■ Exercise description: Return the data below exactly, minus the pictures.

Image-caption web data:
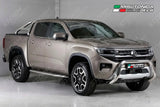 Vw Amarok 2023 On Misutonida Eu Approved Stainless Steel Front Bar - 76mm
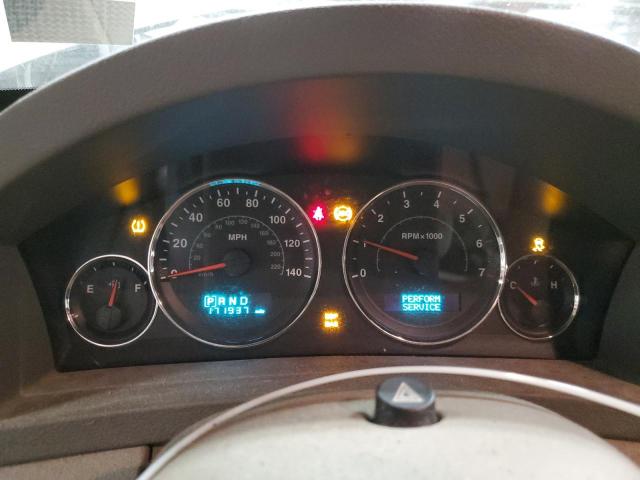 Photo 9 from auction – 2007 JEEP GRAND CHER with VIN 1J8GR48K97C659259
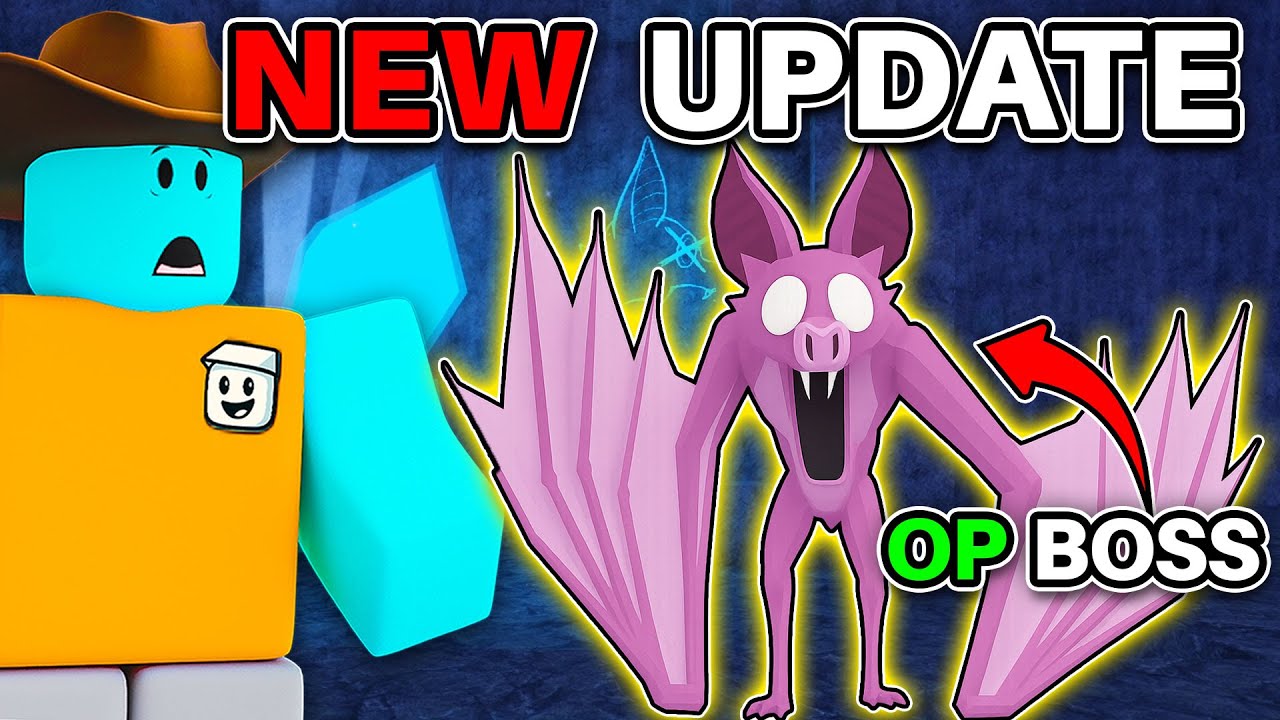 I Speedran the NEW 99 Nights in the Forest UPDATE (BAT BOSS + NEW CAVES)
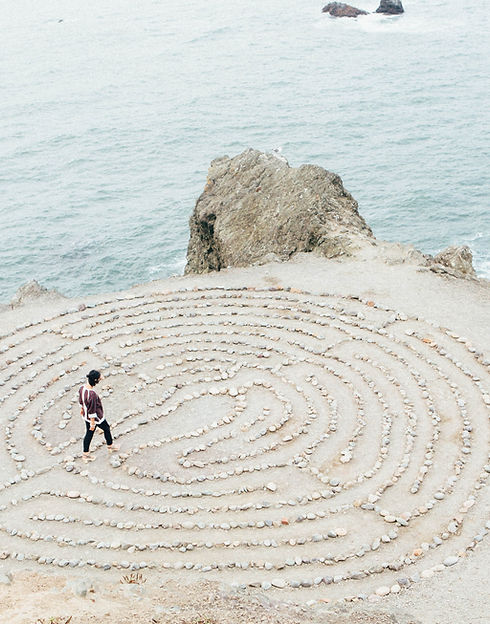 Rock Maze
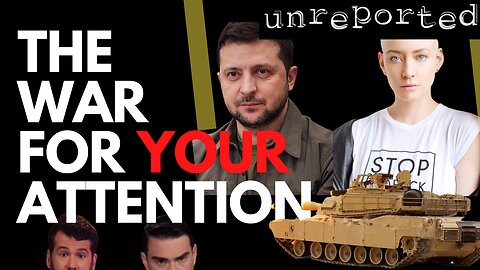 Unreported 30: Zelensky Does Business, Free Brittany, Crowder's Contracts, Pope Benedict Speaks From The Grave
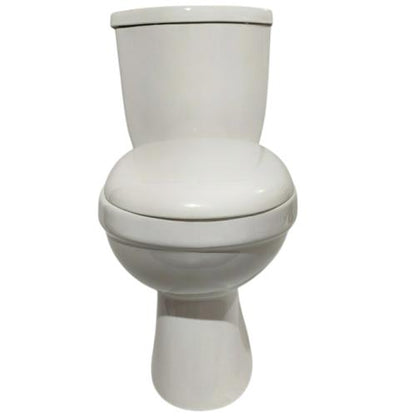 65 CM x 37 CM x 70 CM / VOLK  Monoblok Kloset Duduk Tangki Putih Set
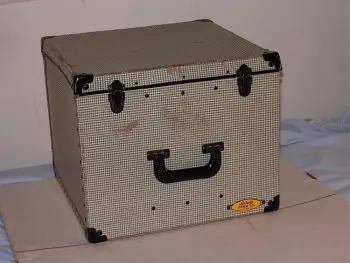Vintage 60's Ludwig Drum Cases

■ Answer section:
 Vw Amarok 2023 On Misutonida Eu Approved Stainless Steel Front Bar - 76mm
 Photo 9 from auction – 2007 JEEP GRAND CHER with VIN 1J8GR48K97C659259
 I Speedran the NEW 99 Nights in the Forest UPDATE (BAT BOSS + NEW CAVES)
 Rock Maze
 Unreported 30: Zelensky Does Business, Free Brittany, Crowder's Contracts, Pope Benedict Speaks From The Grave
 65 CM x 37 CM x 70 CM / VOLK  Monoblok Kloset Duduk Tangki Putih Set
Vintage 60's Ludwig Drum Cases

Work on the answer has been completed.